I think Gumby stated the salient facts as well as anyone has in an earlier post.

“Now, to my knowledge there is no other portfolio out there that minimizes volatility in every economic condition — while still providing a moderate return — as much as the Permanent Portfolio does.”

I think that’s a very accurate assessment. A moderate return, with minimum volatility, in every economic condition; without constantly worrying about what’s up / what’s down would satisfy many of us.

I think the big problem for most people with the PP is the gold component. In our modern societies of paper money and electronic transactions, most people just cannot fathom the notion of actually owning the metal itself. Owning the metal itself, in whatever form, might not be practicable for most people; and many might not feel comfortable buying "paper gold” via an ETF.

I spent a lot of my working life in Asia and the Middle East; and have absorbed some of the notions of those folks about gold as a real asset in troubled times. I like gold, perhaps not as well as Scrooge McDuck; but I do like it. When I discovered the Boglehead forum a couple of years ago, and the PP thread, I went through it completely. Some excellent points made there; and I have read Harry Browne’s books.
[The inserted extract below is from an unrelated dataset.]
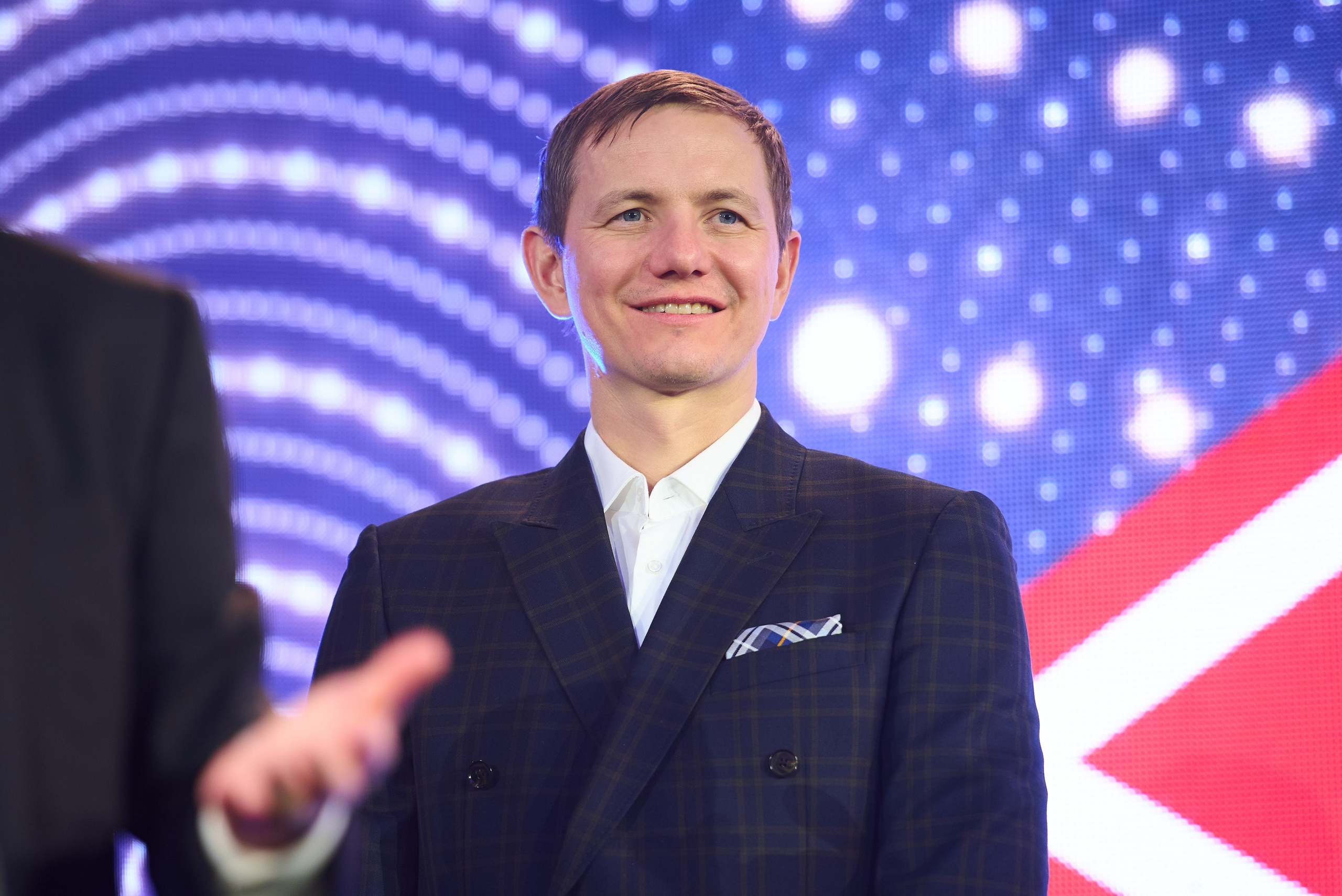 Лига Легенд. Репортажный фотограф в Москве, Сергей Торунов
The case he makes for the PP is quite compelling.

Having said all that, as much as I like gold, I still have trepidations about putting 25% of my total portfolio into gold at today’s prices.

So I have been doing a little experiment. At the end of May 2010, using the portfolio tool at SmartMoney.com, I created a “shadow portfolio” of 25% each VTI, GLD, TLT & SHY, using the total value of my portfolio at the time for starters. At yesterday’s close my "shadow PP" was up +16.5%. Not too bad! Most of that is gold to be sure; but that's the whole point. One of the components will always be making the largest impact. My real personal portfolio (60/40) is up +9.7% during the same period – was up nearly 20% until two weeks ago.

What conclusions have I drawn from this? I’m not sure yet. I’m still nervous that the gold price doesn’t reflect reality; and that the big speculators are beating it up. But on the other hand perhaps the TSM is similarly undervalued. Corporate earnings are quite strong; and they have lots of cash. So, what to do?

I think I will continue my “shadow PP” exercise for a few more months; perhaps to the end of the year, and then make a decision. Using the logic of the PP, it really doesn’t seem to matter when one gets in; because of the interaction of the different components. It's the sum of the parts that counts.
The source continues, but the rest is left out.